[[ Dataset entries open ]]
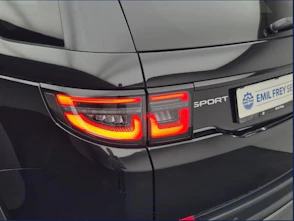 Fahrzeugbild LAND ROVER Discovery Sport 2.0 SD4 200 SE
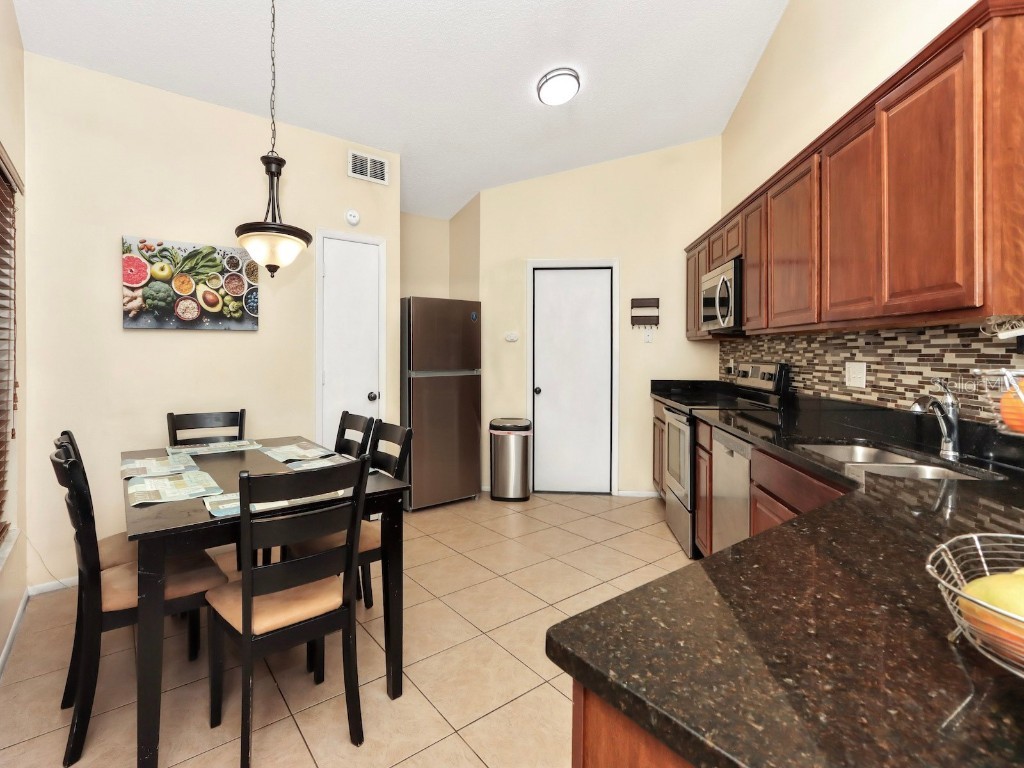 8822 Kensington Court Kissimmee FL 34747 OM712467 image8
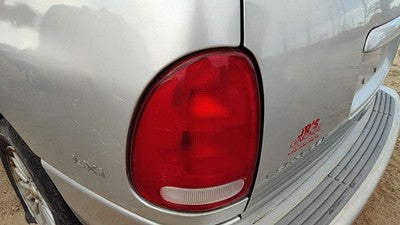 1996-2000 Chrysler Town & Country Driver Left Tail Light Brake Lamp Oem Rear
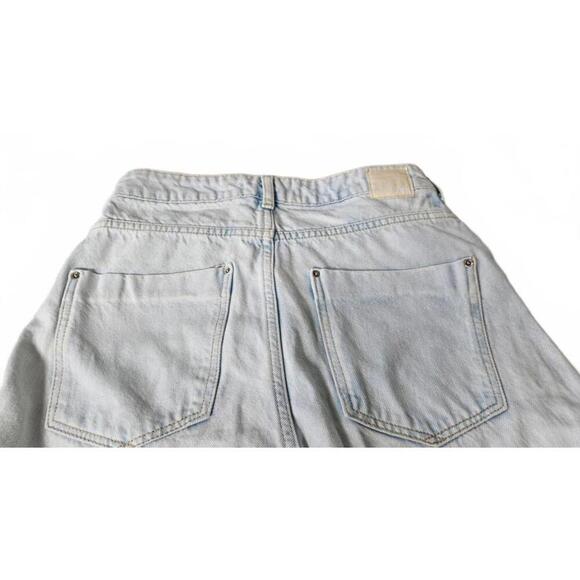 Zara Women's Wide Leg High-Waisted Frayed Hem Light Wash Jeans Size 4 - Picture 3 of 10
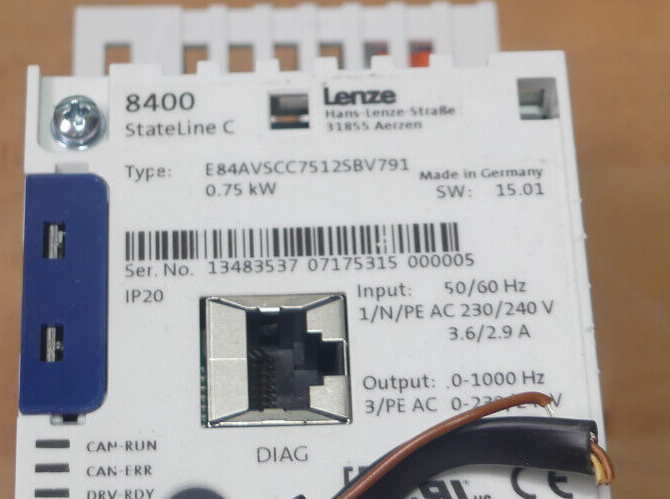 Lenze 8400 Stateline C E84AVSCC7512SBV791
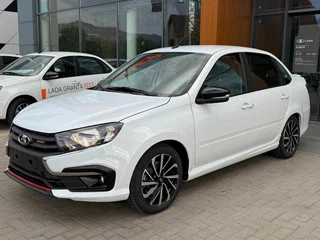 2026 Lada (ВАЗ) Granta Sport I Рестайлинг, белый, 1667000 рублей, вид 1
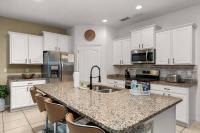 5BR Family Home with Private Pool Solterra Resort - B&B Davenport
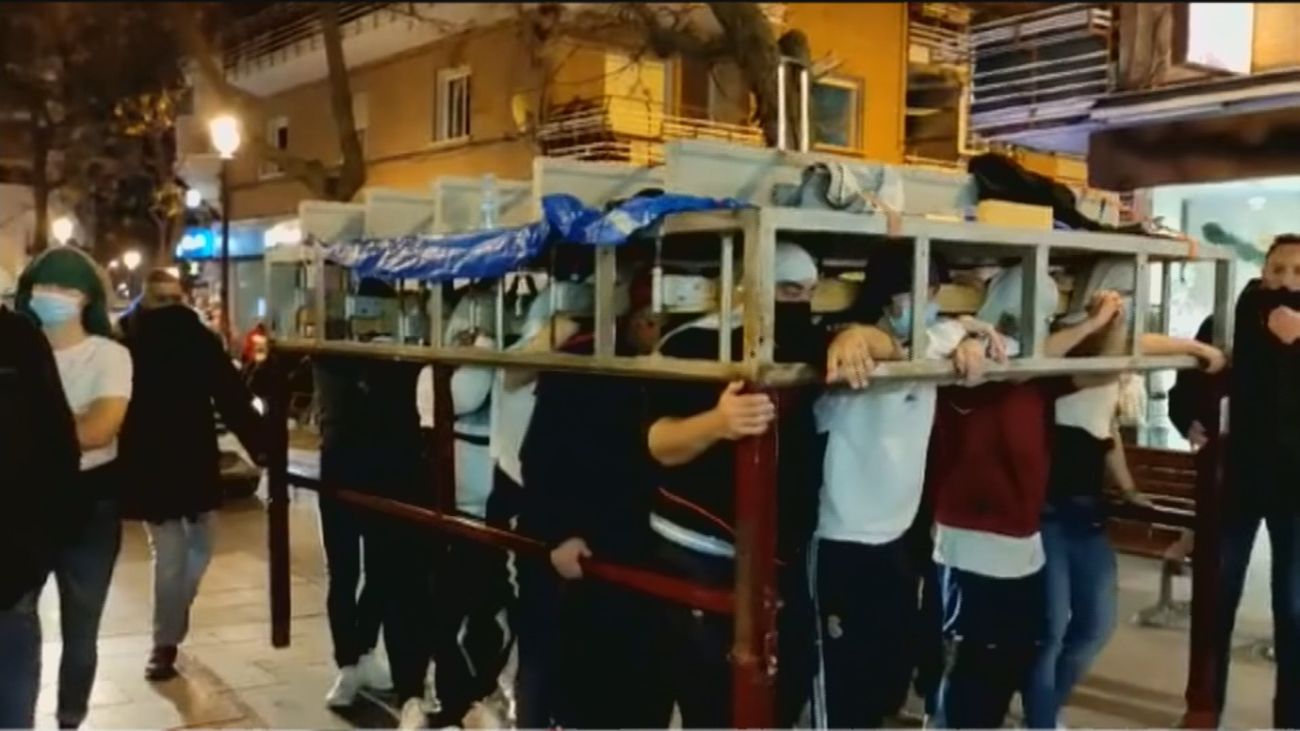 La Semana Santa se adelanta en Madrid: los costaleros ensayan ya las procesiones en Alcorcón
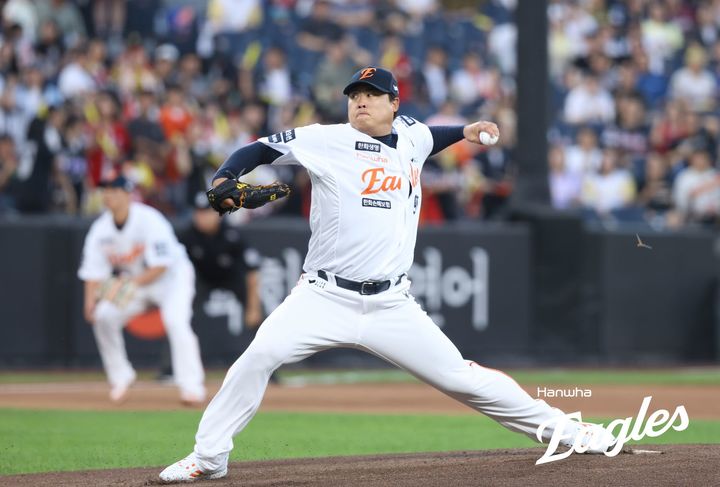 [서울=뉴시스] 프로야구 한화 이글스 류현진이 2일 대전 한화생명볼파크에서 열린 2025 신한 쏠뱅크 KBO리그 KIA 타이거즈와의 경기에 선발 등판해 공을 던지고 있다. (사진=한화 이글스 제공) 2025.09.02. *재판매 및 DB 금지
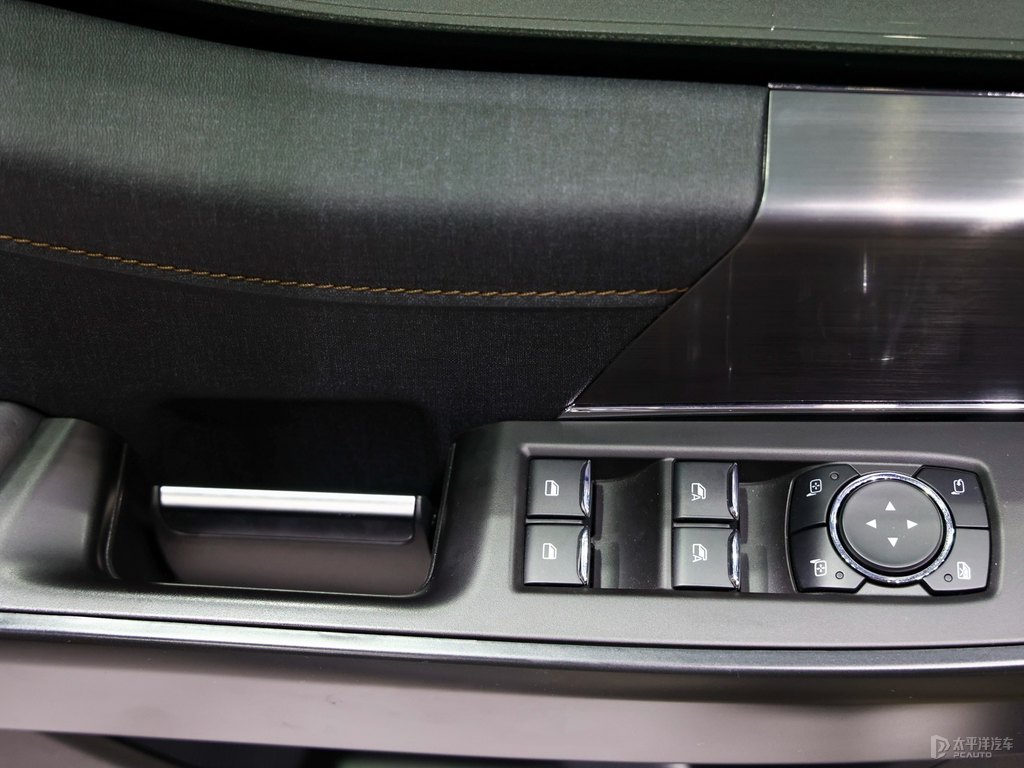 傲雪銀福特F-150車廂內飾圖片
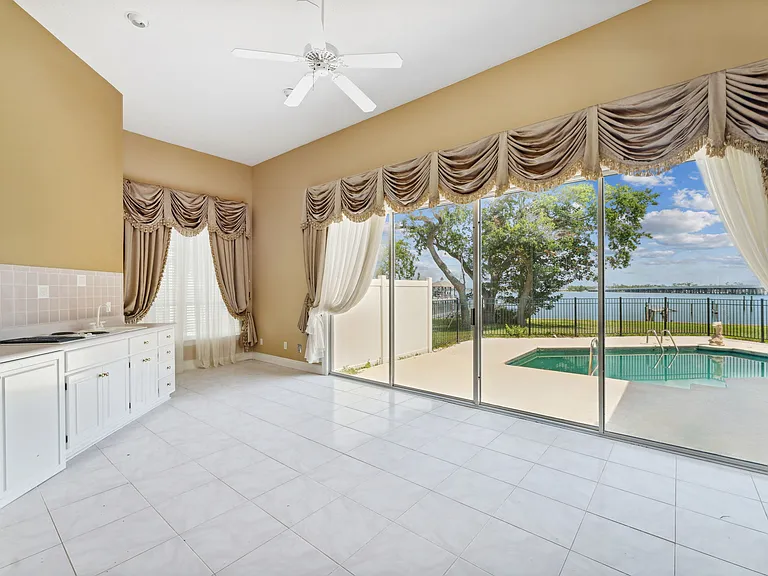 111 Florida Ave — Photo 49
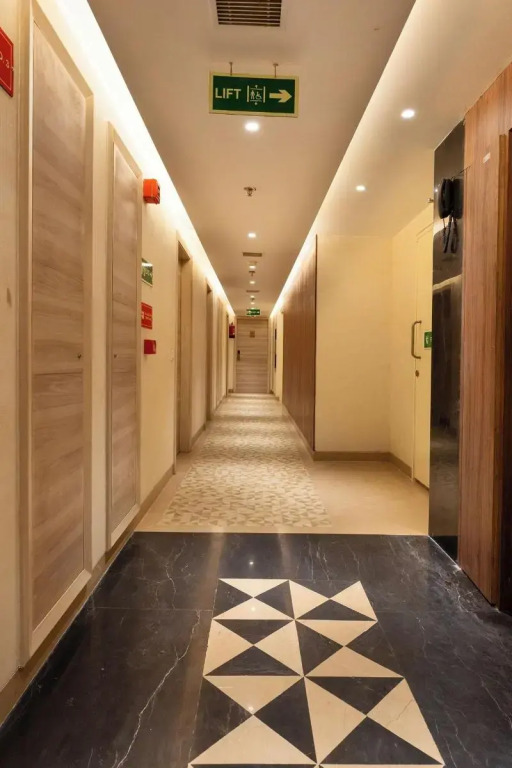 OPO Premier Royal,Delhi Airport- FREE Airport Pick Up Or Drop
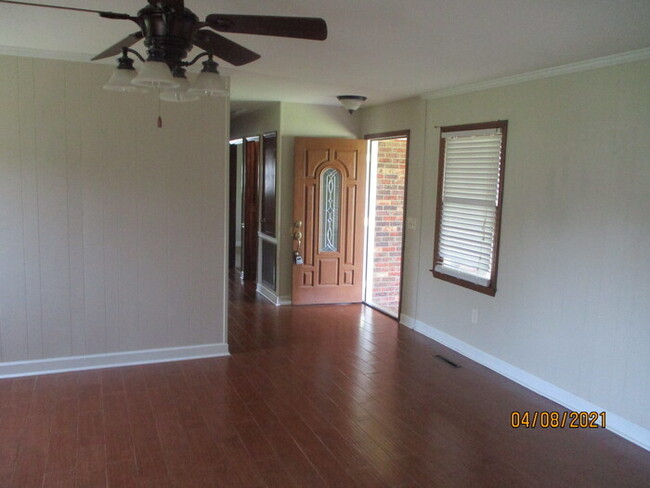 Building Photo - 1027 Rembrandt Dr SW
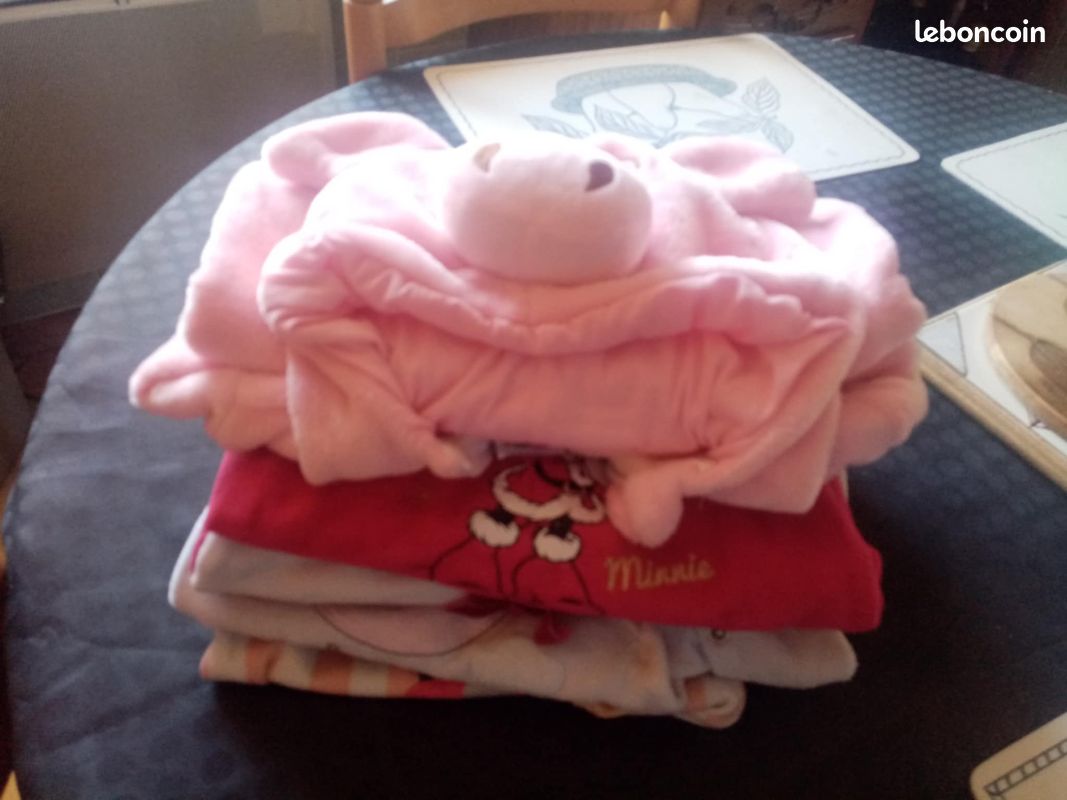 Lot Vetements bébé disney 18 mois fille (image 15)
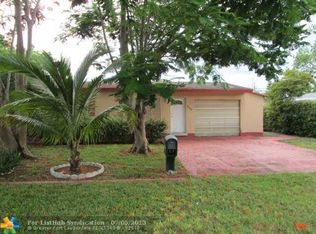 6640 Coolidge St, Hollywood, FL 33024
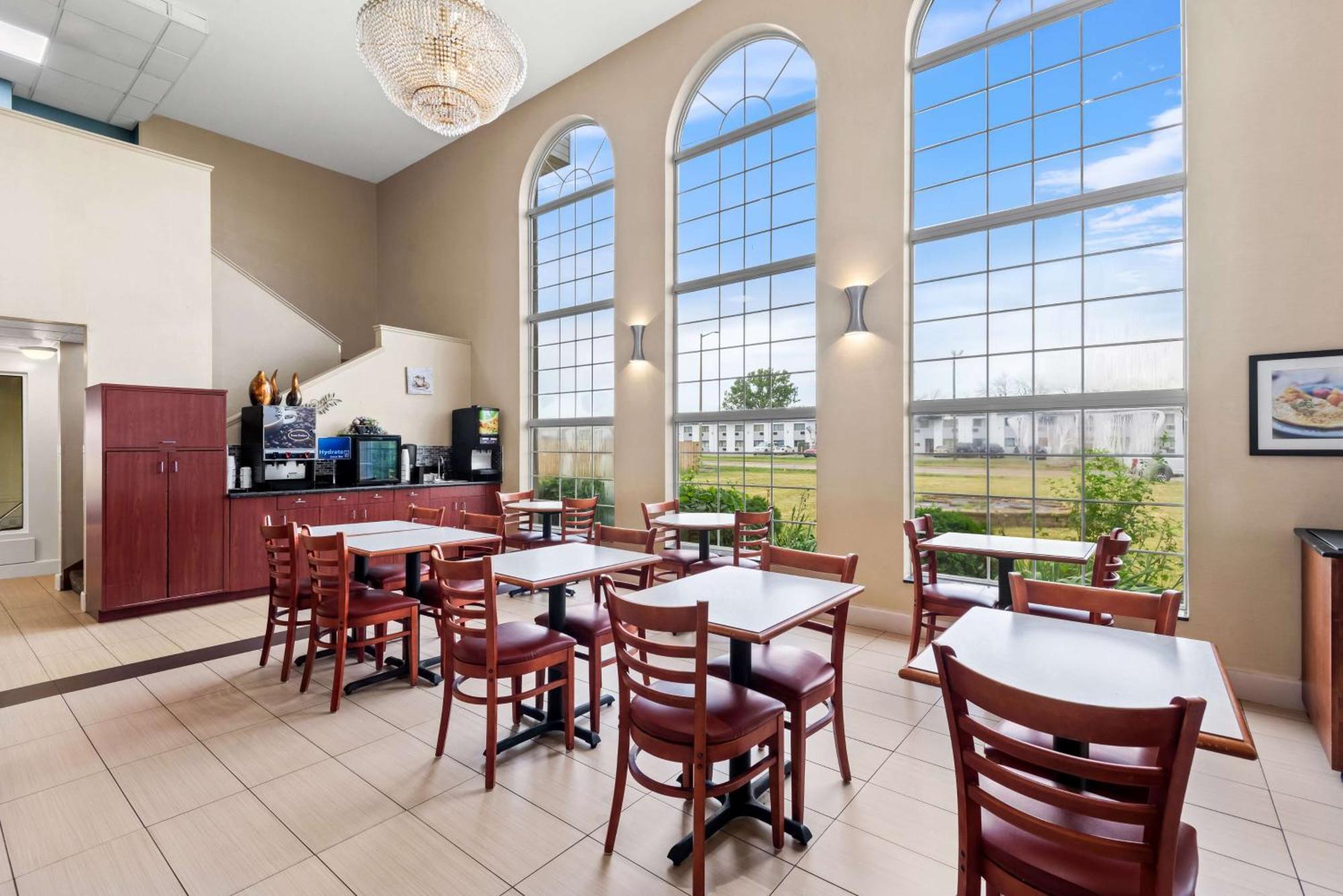 Best Western Airport Inn Moline Buitenkant foto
[[ Dataset entries closed ]]
**Work instructions:** Leave the images out as you retype each line of the material exactly.

**Solution to the exercise:**
 Fahrzeugbild LAND ROVER Discovery Sport 2.0 SD4 200 SE
 8822 Kensington Court Kissimmee FL 34747 OM712467 image8
 1996-2000 Chrysler Town & Country Driver Left Tail Light Brake Lamp Oem Rear
 Zara Women's Wide Leg High-Waisted Frayed Hem Light Wash Jeans Size 4 - Picture 3 of 10
 Lenze 8400 Stateline C E84AVSCC7512SBV791
 2026 Lada (ВАЗ) Granta Sport I Рестайлинг, белый, 1667000 рублей, вид 1
 5BR Family Home with Private Pool Solterra Resort - B&B Davenport
 La Semana Santa se adelanta en Madrid: los costaleros ensayan ya las procesiones en Alcorcón
 [서울=뉴시스] 프로야구 한화 이글스 류현진이 2일 대전 한화생명볼파크에서 열린 2025 신한 쏠뱅크 KBO리그 KIA 타이거즈와의 경기에 선발 등판해 공을 던지고 있다. (사진=한화 이글스 제공) 2025.09.02. *재판매 및 DB 금지
 傲雪銀福特F-150車廂內飾圖片
 111 Florida Ave — Photo 49
 OPO Premier Royal,Delhi Airport- FREE Airport Pick Up Or Drop
 Building Photo - 1027 Rembrandt Dr SW
 Lot Vetements bébé disney 18 mois fille (image 15)
 6640 Coolidge St, Hollywood, FL 33024
 Best Western Airport Inn Moline Buitenkant foto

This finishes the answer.